How to Code with AI Without Burning Tokens: A Spec-Driven Workflow (2026)

AI writes worse code when you give it more context, not better — a bloated context confuses the model, burns tokens on every request, and sends it editing the wrong files. The fix is spec-driven, context-efficient coding: write a short spec (exact stack versions, architecture, the reusable code to use, and how to verify), load only the documents a task needs, and work in small sprints with a fresh context each time. AI-driven development is really context management.

The engineers getting clean code out of AI in 2026 aren't using a secret model — they're managing context. This is the practical playbook: why more context makes AI worse and pricier, what a spec actually contains, how to split a large project's docs so each task loads only what it needs, and a symptom-to-fix table for when the agent goes rogue. It maps straight onto Claude Code's CLAUDE.md and the AGENTS.md standard, which are where this spec lives.

By Andrew DyuzhovUpdated July 2026

Why does more context make AI code worse (and burn tokens)?

It's counterintuitive, but dumping your whole project into the model backfires. The agent sees a pile of things irrelevant to the task, gets confused, and invents more; and because every request re-sends the entire context, each one costs more tokens and makes the model think longer. Noise raises the odds it wanders — touching other files, making ten edits instead of one, or paying down technical debt you never asked it to.

Without a spec it's worse: the agent burns tokens scanning your files to reconstruct the architecture, versions, and conventions you never told it — or it invents its own from generic internet "best practices." The cost is double: the tokens (which every provider now caps), plus the rework time when it builds the wrong thing. A missing spec that "saves 15 minutes" up front costs far more later. The upside of the opposite: with a tight, sufficient context you can often run a cheaper model, because the agent has nothing to figure out. This is the same context-budget problem we cover for CLAUDE.md — less, but exactly right, beats more.

What is spec-driven AI coding?

Spec-driven AI coding means you write a spec, not a prompt, before you ask for code — and the spec is machine-facing rules, not human documentation. It states the stack and exact versions, the architecture and real folder names, the existing code to reuse, the hard constraints, and how to verify the result.
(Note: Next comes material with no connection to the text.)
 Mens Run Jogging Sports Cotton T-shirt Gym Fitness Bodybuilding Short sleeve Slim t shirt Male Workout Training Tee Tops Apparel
In AI development the specification becomes a prompt: part of the context and the rule set the agent executes against.

The reason it matters is blunt: the model can't read your mind, and it won't ask. It only sees the context you give it, so anything you leave unspecified it will invent — the architecture, the library versions, the UI components, and "improvements" you didn't request. A spec removes the guessing, which is exactly what removes the wasted tokens.

What goes in the spec?

Six things. Keep each short and concrete — the goal is the minimum that stops the agent from guessing:

Put this in the specSo the agent doesn't…Example
Stack + exact versionsuse removed or outdated methods, or pick versions itself"Python 3.13, FastAPI 2.1" — not "Python + FastAPI"
Architecture + real foldersinvent its own structure so code doesn't fit the system"Clean architecture; services in src/services, routes in src/routes"
Reusable code to point atrebuild auth, users, UUIDs, or your UI kit from scratch"Auth: src/services/auth.ts. UI: use packages/ui — never rebuild a component."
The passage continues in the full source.